┌─ Supplied material
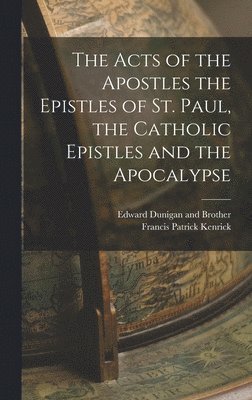 The Acts of the Apostles the Epistles of St. Paul, the Catholic Epistles and the Apocalypse 1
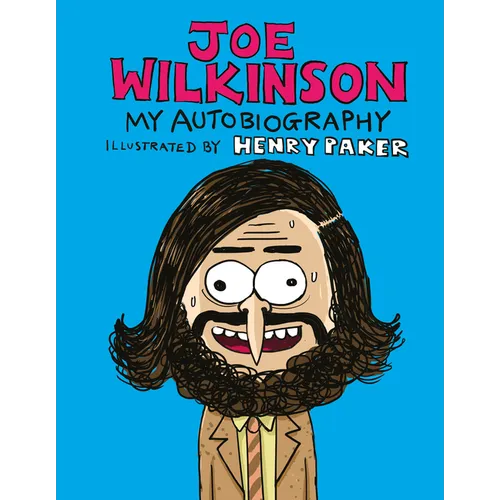 Joe Wilkinson: My (Illustrated) Autobiography - Hardcover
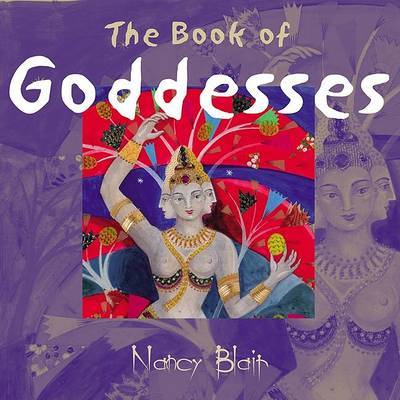 The Book of Goddesses on Paperback by Nancy Blair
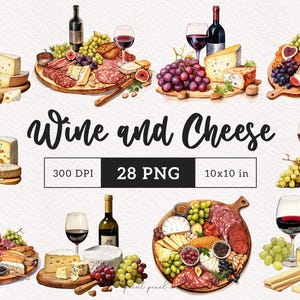 May include: A watercolor illustration of wine and cheese pairings. The image features various cheeses, grapes, wine bottles, wine glasses, and charcuterie boards. The text "Wine and Cheese" is written in a decorative font. The image is 300 DPI and includes 28 PNG files, each measuring 10x10 inches.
└─
Begin at the line containing "Joe Wilkinson: My" and stop at the last line of the data. Repeat only those lines, exactly, and leave out the pictures.

# Answer box
 Joe Wilkinson: My (Illustrated) Autobiography - Hardcover
 The Book of Goddesses on Paperback by Nancy Blair
 May include: A watercolor illustration of wine and cheese pairings. The image features various cheeses, grapes, wine bottles, wine glasses, and charcuterie boards. The text "Wine and Cheese" is written in a decorative font. The image is 300 DPI and includes 28 PNG files, each measuring 10x10 inches.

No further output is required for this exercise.